Data provided START

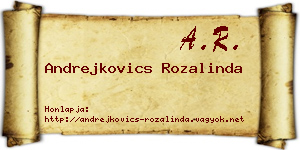 Andrejkovics Rozalinda névjegykártya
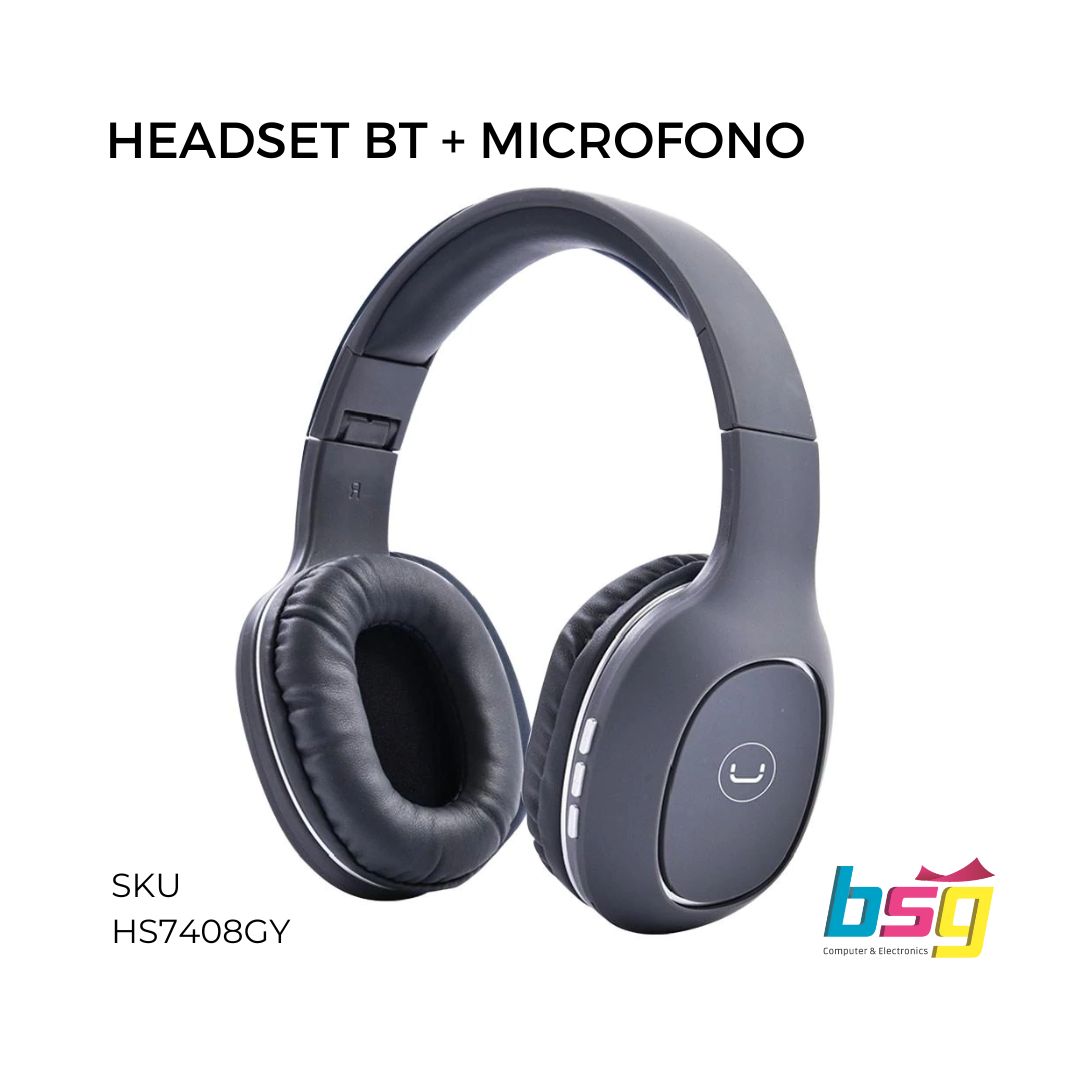 HEADSET UNNO OVALA GRIS BLUETOOTH + MICROFONO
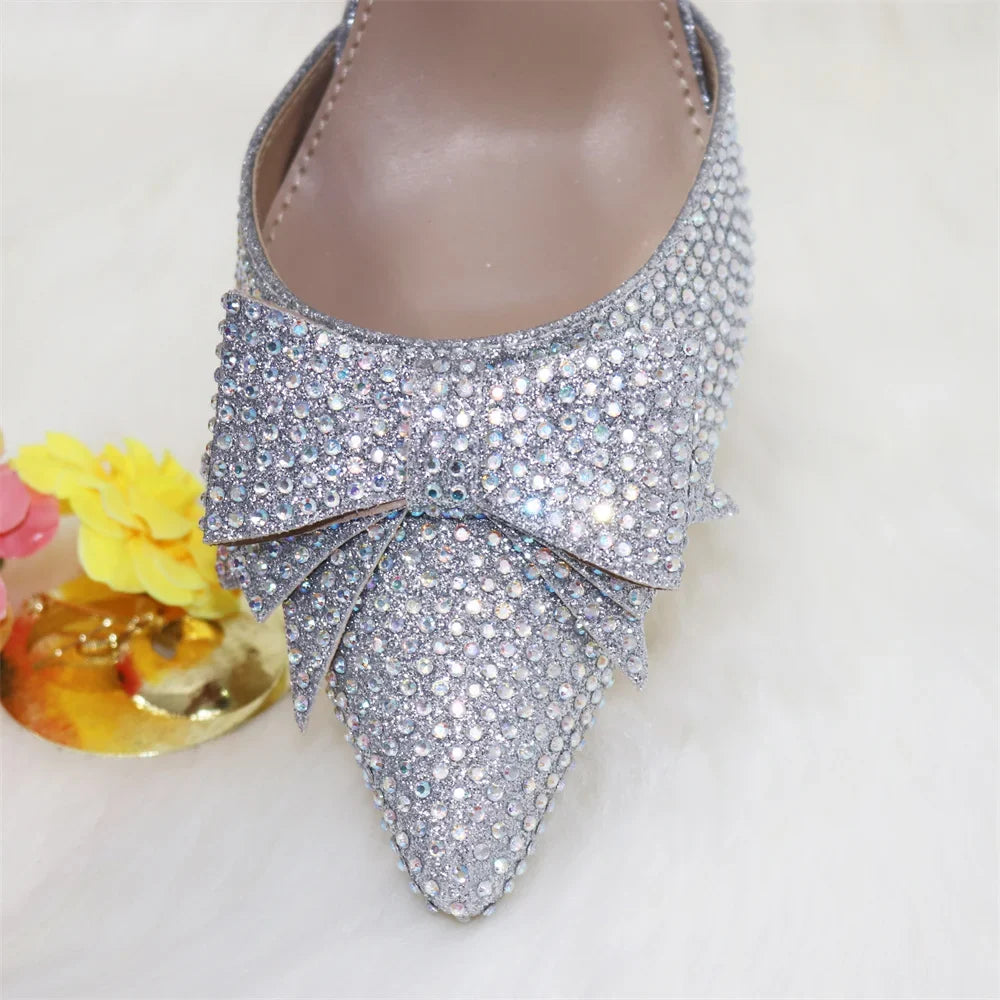New Silver Versatile Party Ladies Shoes And Bag Set – product view 5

Data provided END

» Your objective: Skip the pictures. Write out exactly the lines from the one with "HEADSET UNNO OVALA" through the last line of the listing, both ends included, and nothing more.

» Worked solution:
 HEADSET UNNO OVALA GRIS BLUETOOTH + MICROFONO
New Silver Versatile Party Ladies Shoes And Bag Set – product view 5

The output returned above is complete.